The response should contain every record, reproduced exactly.

◆ **Caption-style text data**:
::::

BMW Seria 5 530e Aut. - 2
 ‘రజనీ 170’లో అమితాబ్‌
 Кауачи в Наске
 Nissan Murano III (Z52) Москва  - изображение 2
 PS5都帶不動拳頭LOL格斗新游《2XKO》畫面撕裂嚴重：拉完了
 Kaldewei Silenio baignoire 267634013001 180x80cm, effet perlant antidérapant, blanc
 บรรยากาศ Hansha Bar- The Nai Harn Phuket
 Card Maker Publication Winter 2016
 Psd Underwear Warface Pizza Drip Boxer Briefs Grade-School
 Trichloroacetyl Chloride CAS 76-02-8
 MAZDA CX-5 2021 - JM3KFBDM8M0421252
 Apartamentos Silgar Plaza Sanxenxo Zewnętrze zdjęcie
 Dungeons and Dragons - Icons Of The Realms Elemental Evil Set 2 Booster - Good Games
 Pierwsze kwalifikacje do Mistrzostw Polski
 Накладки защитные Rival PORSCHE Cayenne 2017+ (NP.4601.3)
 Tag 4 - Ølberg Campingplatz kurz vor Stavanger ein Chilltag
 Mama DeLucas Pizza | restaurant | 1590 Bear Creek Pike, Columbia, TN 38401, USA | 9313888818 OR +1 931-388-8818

::::

◆ **ANSWER FOR THE TASK**:
BMW Seria 5 530e Aut. - 2
 ‘రజనీ 170’లో అమితాబ్‌
 Кауачи в Наске
 Nissan Murano III (Z52) Москва  - изображение 2
 PS5都帶不動拳頭LOL格斗新游《2XKO》畫面撕裂嚴重：拉完了
 Kaldewei Silenio baignoire 267634013001 180x80cm, effet perlant antidérapant, blanc
 บรรยากาศ Hansha Bar- The Nai Harn Phuket
 Card Maker Publication Winter 2016
 Psd Underwear Warface Pizza Drip Boxer Briefs Grade-School
 Trichloroacetyl Chloride CAS 76-02-8
 MAZDA CX-5 2021 - JM3KFBDM8M0421252
 Apartamentos Silgar Plaza Sanxenxo Zewnętrze zdjęcie
 Dungeons and Dragons - Icons Of The Realms Elemental Evil Set 2 Booster - Good Games
 Pierwsze kwalifikacje do Mistrzostw Polski
 Накладки защитные Rival PORSCHE Cayenne 2017+ (NP.4601.3)
 Tag 4 - Ølberg Campingplatz kurz vor Stavanger ein Chilltag
 Mama DeLucas Pizza | restaurant | 1590 Bear Creek Pike, Columbia, TN 38401, USA | 9313888818 OR +1 931-388-8818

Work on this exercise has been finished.